#### PROBLEM DETAILS
Could you print exactly the lines of the listing below, starting at the line that has "Apartment Center" and ending at the line that has "Elegant 3 Bedroom", and only those lines?

___ ENTRIES SUPPLIED ___

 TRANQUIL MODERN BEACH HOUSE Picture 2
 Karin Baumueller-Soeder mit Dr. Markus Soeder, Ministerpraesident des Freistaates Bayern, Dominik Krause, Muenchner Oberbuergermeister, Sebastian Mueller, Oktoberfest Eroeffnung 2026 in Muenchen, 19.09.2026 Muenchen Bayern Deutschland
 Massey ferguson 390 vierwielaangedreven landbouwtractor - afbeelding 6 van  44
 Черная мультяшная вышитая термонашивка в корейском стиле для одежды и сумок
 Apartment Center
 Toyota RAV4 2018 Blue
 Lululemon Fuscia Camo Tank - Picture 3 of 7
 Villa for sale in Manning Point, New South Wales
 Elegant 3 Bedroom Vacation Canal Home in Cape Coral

___
___ ENTRIES SUPPLIED ___

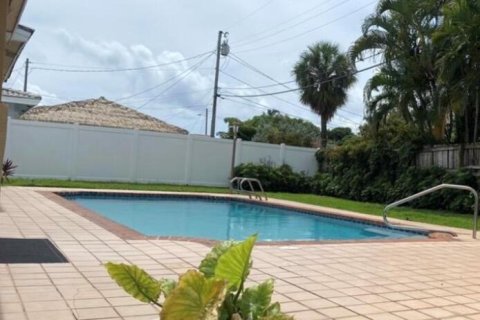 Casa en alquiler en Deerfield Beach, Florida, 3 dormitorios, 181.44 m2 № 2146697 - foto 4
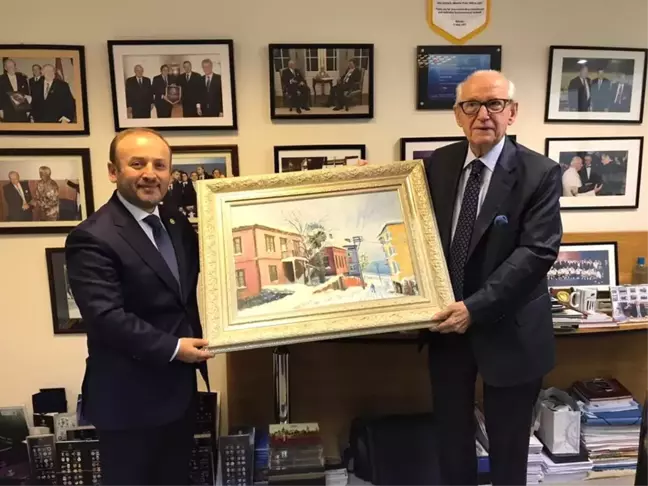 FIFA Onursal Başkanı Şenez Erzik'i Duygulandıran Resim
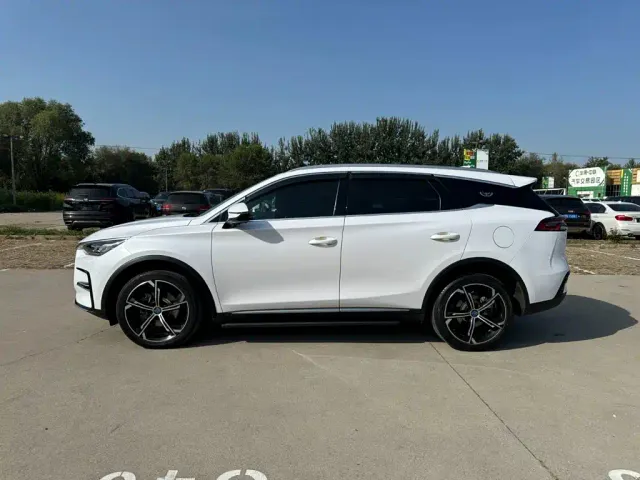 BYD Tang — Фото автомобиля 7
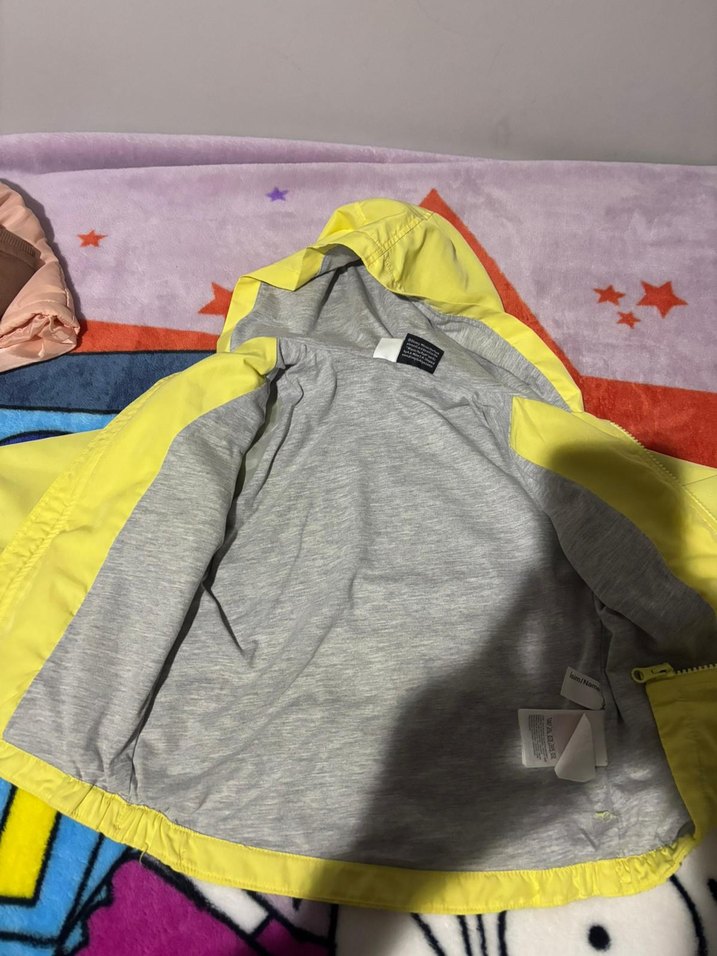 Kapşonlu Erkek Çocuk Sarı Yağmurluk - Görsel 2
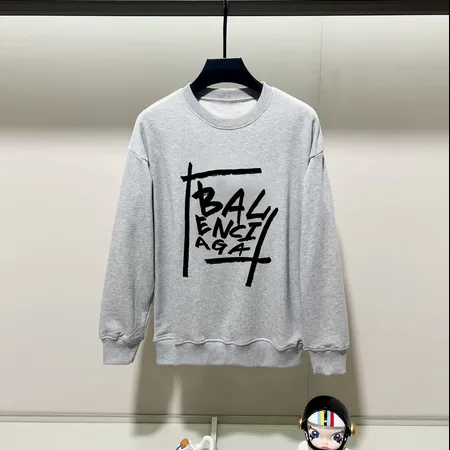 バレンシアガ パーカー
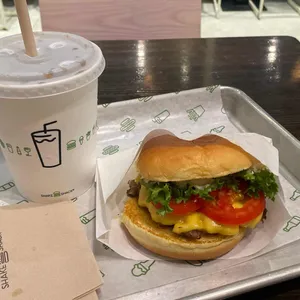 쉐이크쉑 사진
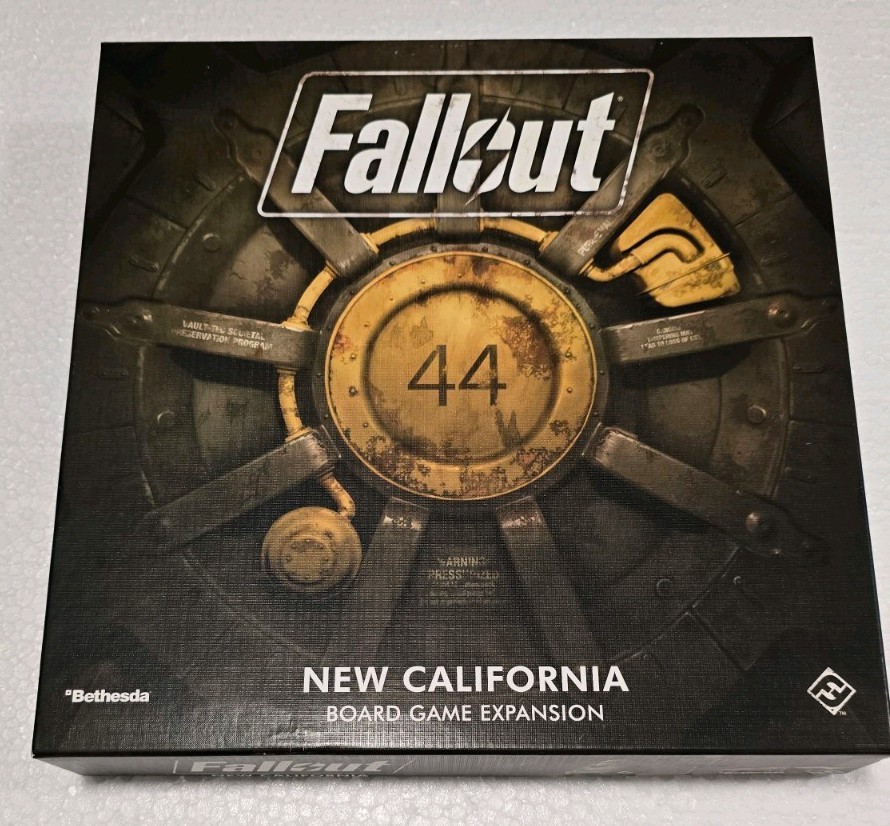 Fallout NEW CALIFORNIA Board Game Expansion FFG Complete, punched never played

___

#### WRITTEN SOLUTION
 Apartment Center
 Toyota RAV4 2018 Blue
 Lululemon Fuscia Camo Tank - Picture 3 of 7
 Villa for sale in Manning Point, New South Wales
 Elegant 3 Bedroom Vacation Canal Home in Cape Coral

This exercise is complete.